Sanae semakin bingung harus berkata apa. Rasa kalut itu semakin menyelimuti hatinya. Ia tak ingin pergi meninggalkannya. Ia mencintainya. Aomine Daiki—satu-satunya lelaki yang memberikan senyuman kebahagiaan padanya.

Aku tak ingin berpisah.

"Ma—af.. ma.. af.. hiks.."

Daiki hanya bisa menatap Sanae yang masih terisak. Ia tak bisa menghentikan tangisnya—tunggu, bukan tidak bisa, ia hanya tidak tahu. Lagipula, apa sih yang ada dalam pikiran seorang maniak basket?

"Kochiya?" Daiki mencoba bertanya ketika Sanae terdiam.

"M-maaf, Aomine-kun.. hiks.. tapi kurasa.. kita tak bisa bertemu lagi."

Mata azure itu terbelalak. Apa katanya?.

"Kita tak bisa bertemu lagi.. Aomine-kun..." Sanae mencengkram ujung kaos yang Daiki kenakan.

Daiki hanya bisa mematung. shock. Ini terlalu mendadak. Hatinya sama sekali tak bisa menerima kenyataan seperti ini.
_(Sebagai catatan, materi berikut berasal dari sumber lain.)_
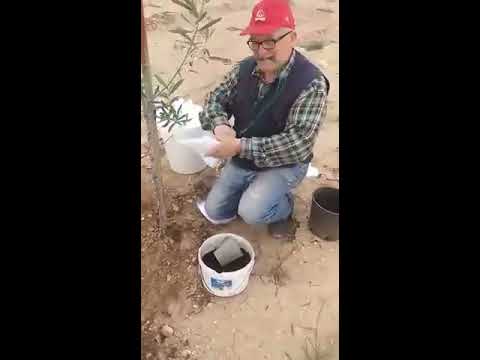 Piantare alberi di ulivo nel nordbarese con uso di mototrivella
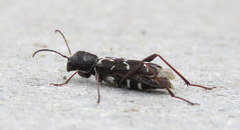 Neoclytus muricatulus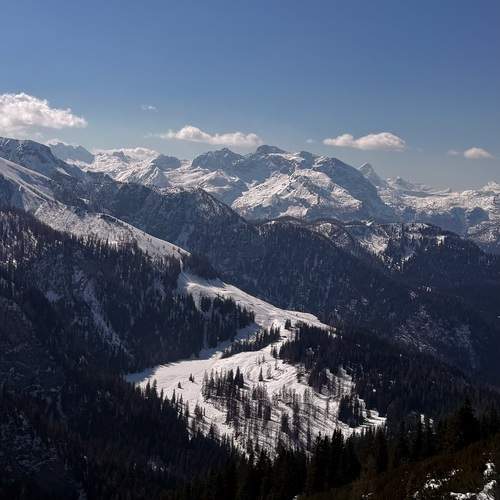 Photo #13493382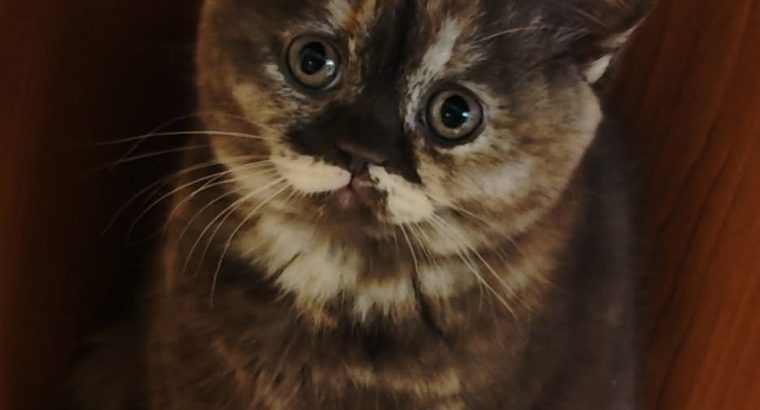 Brit rövidszőrű csokoládé tortie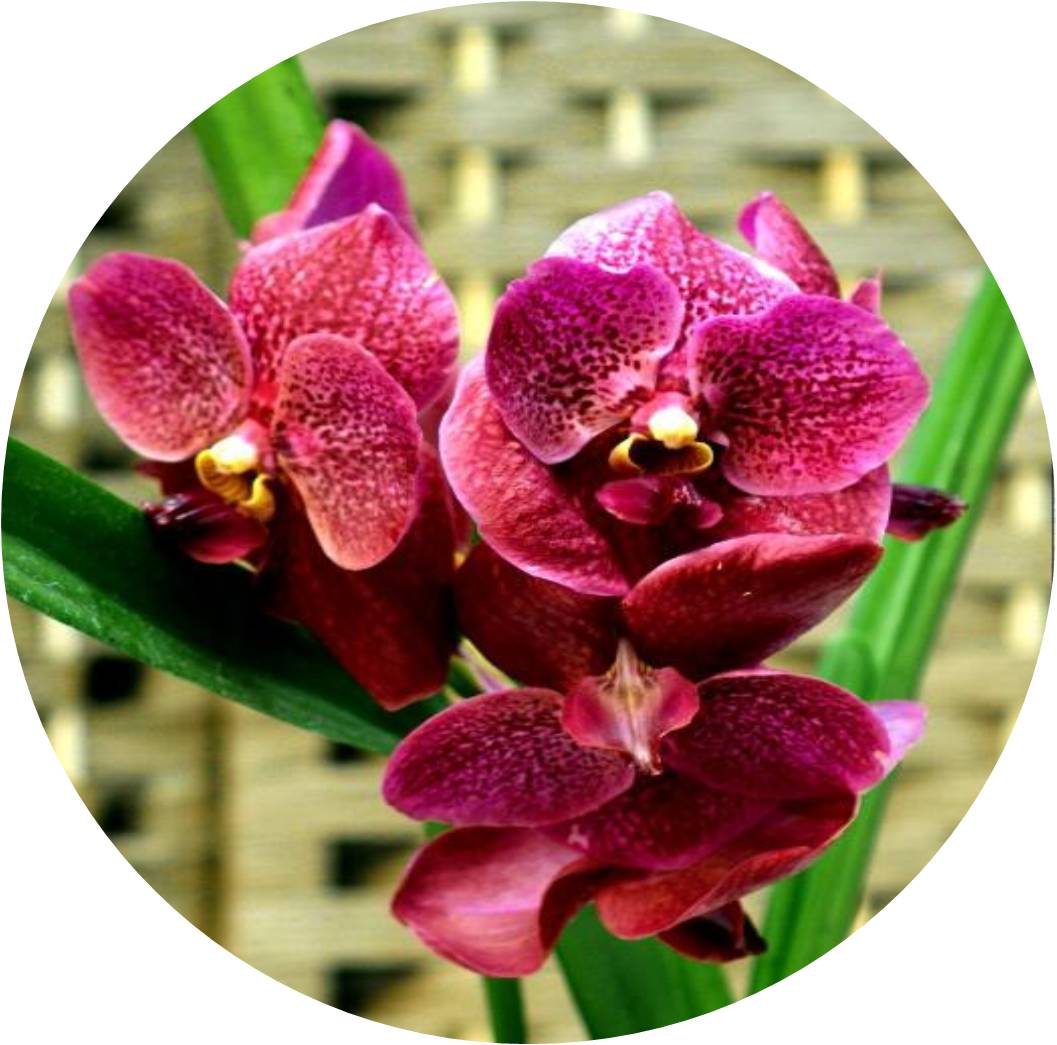 菊竹梅兰图欣赏,花中四君子的兰花图片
Pemuda tan itu menggenggam tangan Sanae, melepaskannya dari ujung Kaos. "Hahaha, jangan bercanda deh Kochiya. Ini bukan April mop kan? Kau takkan bisa menipuku dengan air mata buaya begitu."

Tak ada respon dari sang gadis. Daiki sungguh tak suka hal seperti ini.

"Kochiya, tolong jangan bercanda!" Daiki menekan kalimatnya.

Sanae hanya menggeleng pelan. Tangan gadis itu mencengkram erat tangan lelaki tan dihadapannya.

"Kenapa kau baru cerita? Kenapa tidak dari dulu kau bilang padaku?" suara baritonnya bergetar.

Sanae hanya bisa diam. Gadis itu tahu, Daiki pasti kecewa.

"Kochiya jawab aku!" Daiki mengeraskan suaranya. Sanae mencengkram tangan Daiki lebih erat.

"Maafkan aku... bukan maksudku untuk..."

"Waktumu habis Sanae." Terdengar gema suara seorang wanita.

"Yasaka-sama.."

Gumpalan-gupalan cahaya muncul di sekitar Daiki dan Sanae. Perlahan gumpalan-gumpalan cahaya itu menyelimuti sang gadis.

"Sudah saatnya kita pergi." Suara itu kembali terdengar.

Wajah Sanae terlihat panik, begitu pula dengan Daiki. "Yasaka-sama, tolong beri aku waktu sedikit lagi. Aku masih ingin bersama dengan Aomine-kun."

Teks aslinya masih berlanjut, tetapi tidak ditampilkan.